So until now we supported WB, UC- and UC and mapped WC to UC-. Now we
map everything except WB to UC-

Why feels that wrong without a comment explaining it?

Thanks,

tglx

2014-11-03 19:01:41

by Thomas Gleixner

[permalink] [raw]
Subject: Re: [PATCH v4 5/7] x86, mm, pat: Refactor !pat_enabled handling

On Mon, 27 Oct 2014, Toshi Kani wrote:
> diff --git a/arch/x86/mm/iomap_32.c b/arch/x86/mm/iomap_32.c
> index ee58a0b..96aa8bf 100644
> --- a/arch/x86/mm/iomap_32.c
> +++ b/arch/x86/mm/iomap_32.c
> @@ -70,29 +70,23 @@ void *kmap_atomic_prot_pfn(unsigned long pfn, pgprot_t prot)
> return (void *)vaddr;
> }
>
> -/*
> - * Map 'pfn' using protections 'prot'
> - */
> -#define __PAGE_KERNEL_WC (__PAGE_KERNEL | \
> - cachemode2protval(_PAGE_CACHE_MODE_WC))
> -
> void __iomem *
> iomap_atomic_prot_pfn(unsigned long pfn, pgprot_t prot)
> {
> /*
> - * For non-PAT systems, promote PAGE_KERNEL_WC to PAGE_KERNEL_UC_MINUS.
> - * PAGE_KERNEL_WC maps to PWT, which translates to uncached if the
> - * MTRR is UC or WC. UC_MINUS gets the real intention, of the
> - * user, which is "WC if the MTRR is WC, UC if you can't do that."
> + * For non-PAT systems, translate non-WB request to UC- just in
> + * case the caller set the PWT bit to prot directly without using
> + * pgprot_writecombine().
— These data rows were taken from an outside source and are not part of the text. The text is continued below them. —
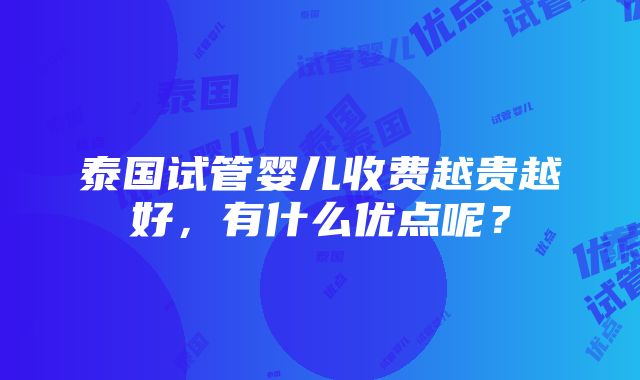 泰国试管婴儿收费越贵越好，有什么优点呢？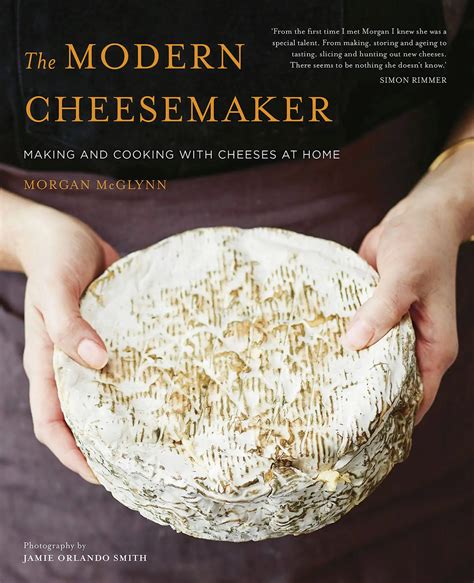 The Modern Cheesemaker Making And Cooking With Ch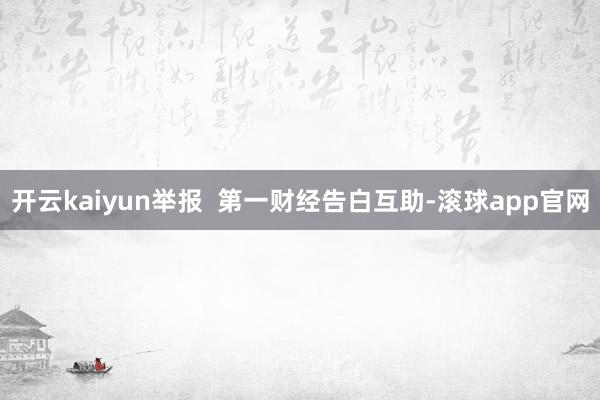 开云kaiyun举报  第一财经告白互助-滚球app官网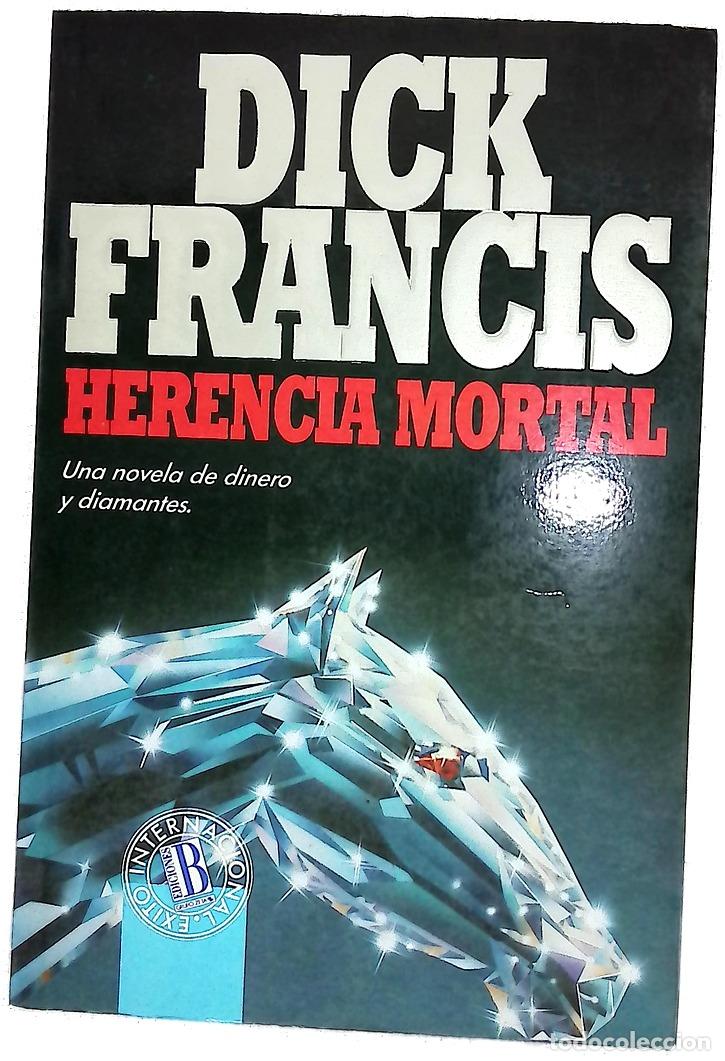 Libros: Herencia mortal - Francis, Dick; Mateo, Elsa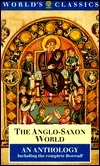 The Anglo-Saxon World: An Anthology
UC- translates to uncached if the MTRR
> + * is UC or WC. UC- gets the real intention, of the user, which is
> + * "WC if the MTRR is WC, UC if you can't do that."
> */
> - if (!pat_enabled && pgprot_val(prot) == __PAGE_KERNEL_WC)
> + if (!pat_enabled && pgprot2cachemode(prot) != _PAGE_CACHE_MODE_WB)
> prot = __pgprot(__PAGE_KERNEL |
> cachemode2protval(_PAGE_CACHE_MODE_UC_MINUS));
>
> return (void __force __iomem *) kmap_atomic_prot_pfn(pfn, prot);
> }
> EXPORT_SYMBOL_GPL(iomap_atomic_prot_pfn);
> -#undef __PAGE_KERNEL_WC

Rejects. Please update against Juergens latest.

Thanks,

tglx

2014-11-03 19:11:32

by Toshi Kani

[permalink] [raw]
Subject: Re: [PATCH v4 2/7] x86, mm, pat: Change reserve_memtype() to handle WT

On Mon, 2014-11-03 at 19:27 +0100, Thomas Gleixner wrote:
> On Mon, 27 Oct 2014, Toshi Kani wrote:
> > This patch changes reserve_memtype() to handle the WT cache mode.
> > When PAT is not enabled, it continues to set UC- to *new_type for
> > any non-WB request.
> >
> > When a target range is RAM, reserve_ram_pages_type() fails for WT
> > for now. This function may not reserve a RAM range for WT since
> > reserve_ram_pages_type() uses the page flags limited to three memory
> > types, WB, WC and UC.
> >
> > Signed-off-by: Toshi Kani <[email protected]>
> > Reviewed-by: Konrad Rzeszutek Wilk <[email protected]>
> > ---
> > arch/x86/include/asm/cacheflush.h | 4 ++++
> > arch/x86/mm/pat.c | 16 +++++++++++++---
> > 2 files changed, 17 insertions(+), 3 deletions(-)
> >
> > diff --git a/arch/x86/include/asm/cacheflush.h b/arch/x86/include/asm/cacheflush.h
> > index 157644b..c912680 100644
> > --- a/arch/x86/include/asm/cacheflush.h
> > +++ b/arch/x86/include/asm/cacheflush.h
> > @@ -53,6 +53,10 @@ static inline void set_page_memtype(struct page *pg,
> > case _PAGE_CACHE_MODE_WB:
> > memtype_flags = _PGMT_WB;
> > break;
> > + case _PAGE_CACHE_MODE_WT:
> > + case _PAGE_CACHE_MODE_WP:
> > + pr_err("set_page_memtype: unsupported cachemode %d\n", memtype);
> > + BUG();
>
> You already catch the cases with the hunk below at the entry of
> reserve_ram_pages_type(). So what's the point of the BUG()?
>
> If you are worried about other usage sites: This function should not
> at all be in arch/x86/include/asm/cacheflush.h. It's solely used by
> PAT, so we really should move it there before changing it.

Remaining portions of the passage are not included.